Drop the Glider DAC data#

Glider DAC data are already making it to NCEI, so we can drop those entries.

df_out_no_glider = df_out.loc[~df_out["org"].str.contains("Glider DAC")]
df_out_no_glider.groupby(by="org").count()
title url std_name
org
AOOS 28 28 28
CeNCOOS 416 416 416
GCOOS 9617 9617 9617
MARACOOS 221 221 221
NANOOS 4 4 4
NERACOOS 48 48 48
PacIOOS 16 16 16
SCCOOS 1 1 1
SECOORA 177 177 177

Digging into some of the nuances#

There are still quite a lot of datasets from each organization. As our search above looked for each CF standard_name across all the datasets, there might be duplicate datasets which have multiple matching CF standard names. ie. one dataset might have both mass_concentration_of_oxygen_in_sea_water and fractional_saturation_of_oxygen_in_sea_water, but we only need to know that it’s one dataset.

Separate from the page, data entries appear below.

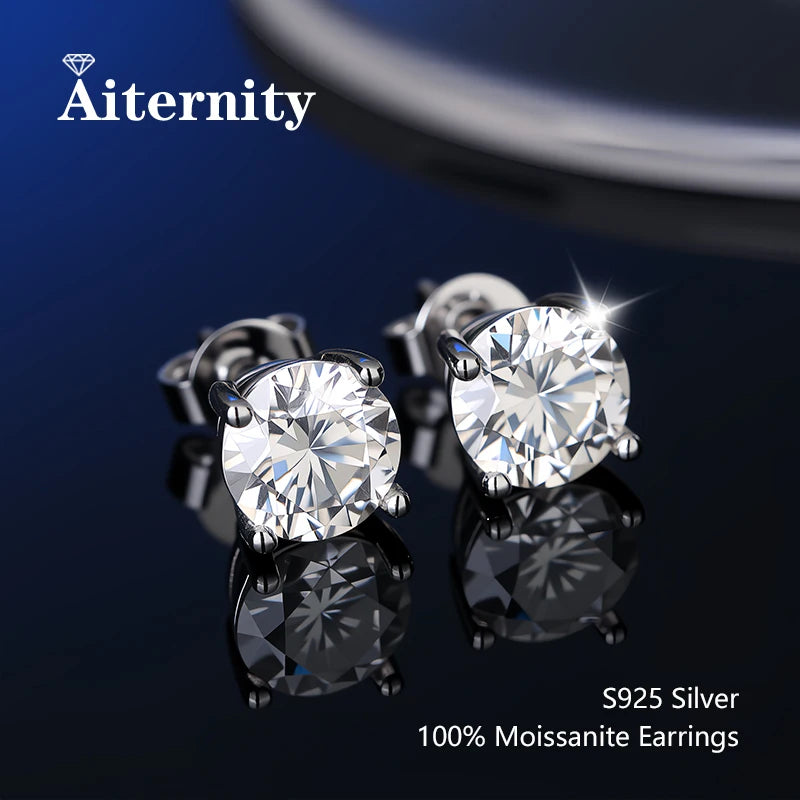 S925 Sterling Silver Moissanite Stud Earrings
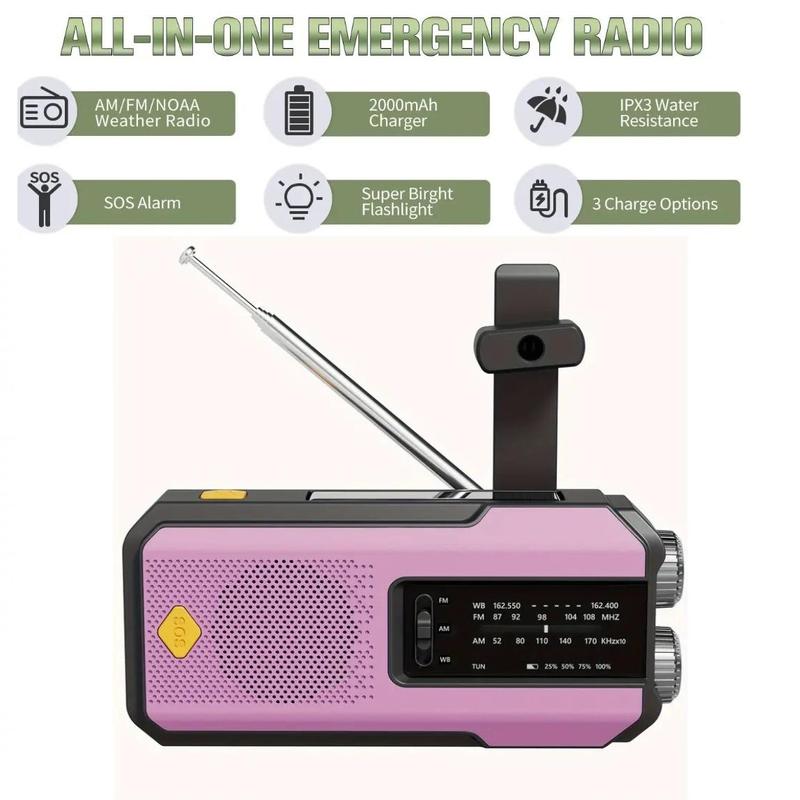 Emergency Hand Crank Radio, Multipurpose AM FM Portable Weather Radio with 3 LED Flashlight, 2000mAh Power Bank Phone Charger for Outdoor Camping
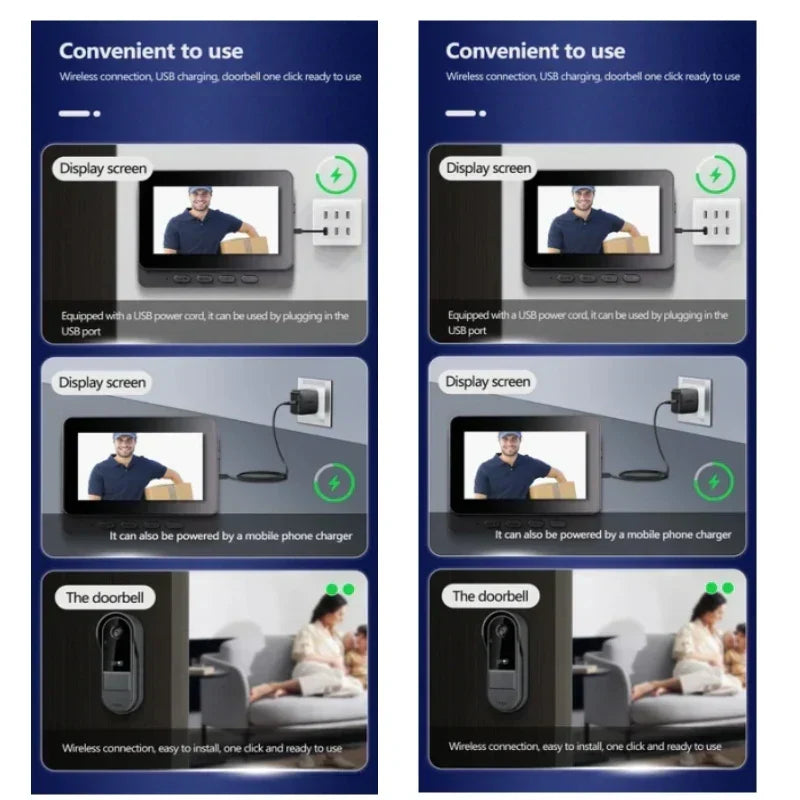 Smart Video Door Viewer with Two-Way Audio & Night Vision – 4.3" Screen, Rechargeable Battery, Weatherproof Design for Front Door Security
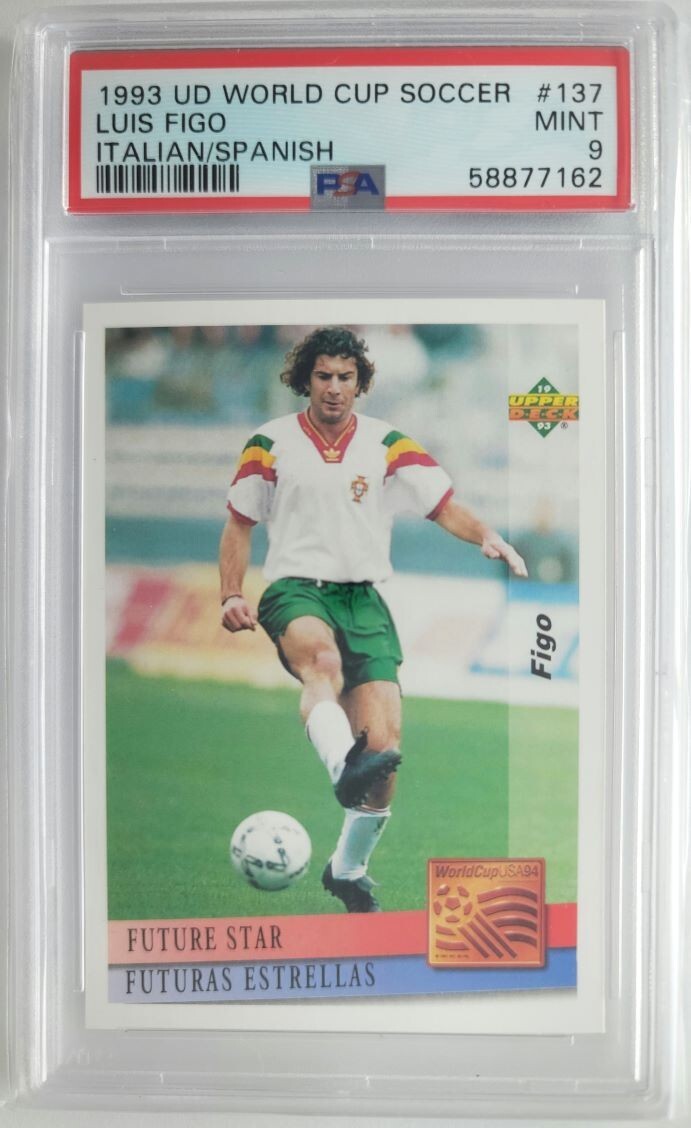 1993 Upper Deck World Cup Soccer Luis Figo Italian/Spanish #137 PSA 9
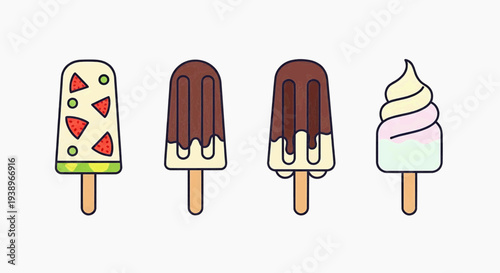 Colorful illustration of four different ice cream popsicles on sticks in a row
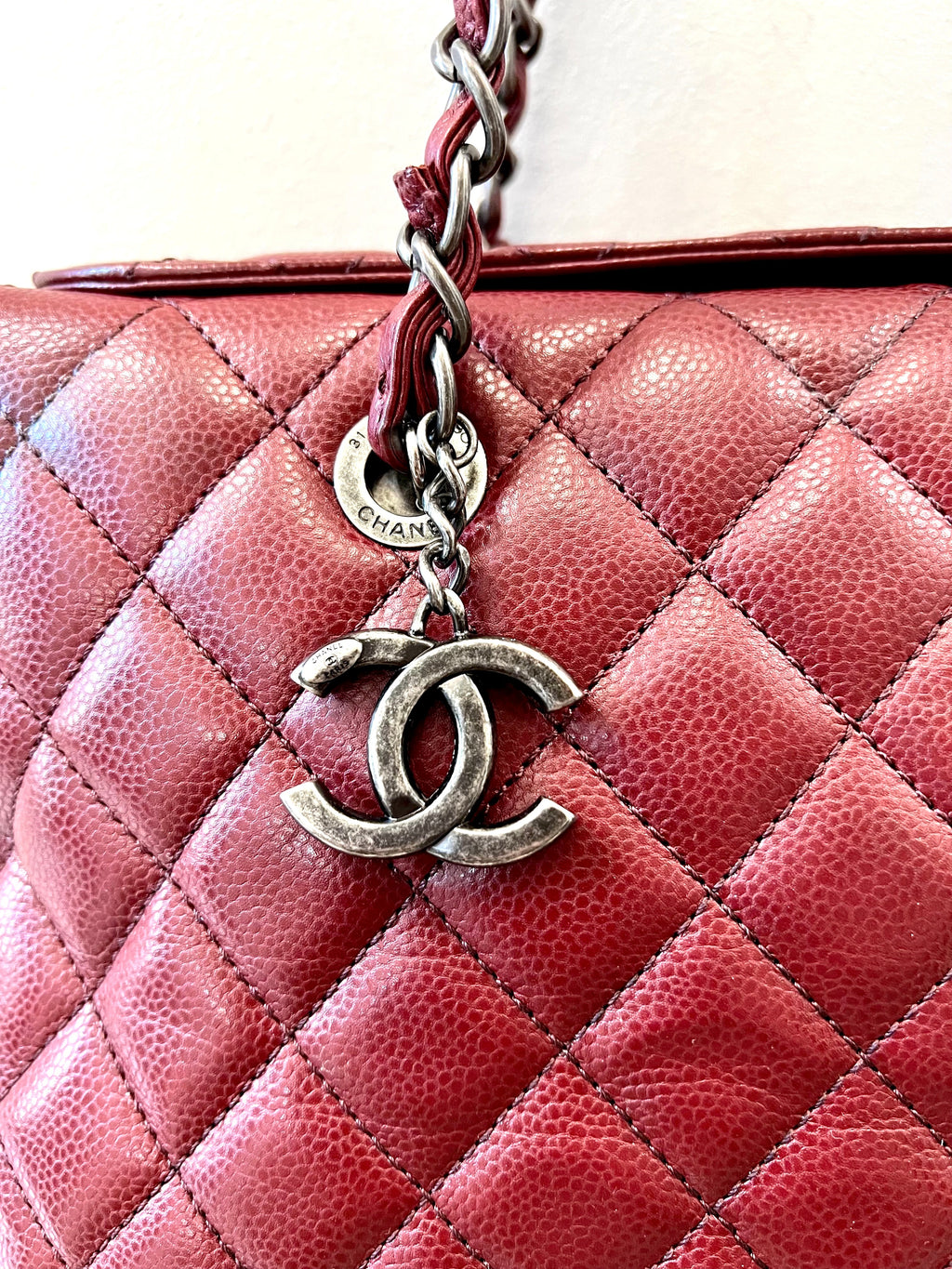 CHANEL CAVIAR QUILTED LEATHER CITY SHOPPER TOTE BAG-HS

As we only need to know about the unique datasets, let’s count how many unique dataset urls we have.

df_out_no_glider.groupby(by="url").count()
title org std_name
url
http://www.humboldt.edu 4 4 4
http://www.neracoos.org/erddap/tabledap/A01_aanderaa_o2_all 1 1 1
http://www.neracoos.org/erddap/tabledap/A01_optode_all 2 2 2
http://www.neracoos.org/erddap/tabledap/A01_sbe16_disox_all 2 2 2
http://www.neracoos.org/erddap/tabledap/C02_sbe16_disox_all 2 2 2
... ... ... ...
https://pae-paha.pacioos.hawaii.edu/erddap/tabledap/nss_012 2 2 2
https://pae-paha.pacioos.hawaii.edu/erddap/tabledap/nss_013 2 2 2
https://pae-paha.pacioos.hawaii.edu/erddap/tabledap/wqb_04 2 2 2
https://pae-paha.pacioos.hawaii.edu/erddap/tabledap/wqb_05 2 2 2
https://www.nodc.noaa.gov/ocads/oceans/time_series_moorings.html 4 4 4

7654 rows × 3 columns

Drop duplicate records#

As you can see above, there are a lot of duplicate dataset urls which we can simplify down. We identify duplicates by looking at the URL, which should be unique for each dataset, and drop the duplicates.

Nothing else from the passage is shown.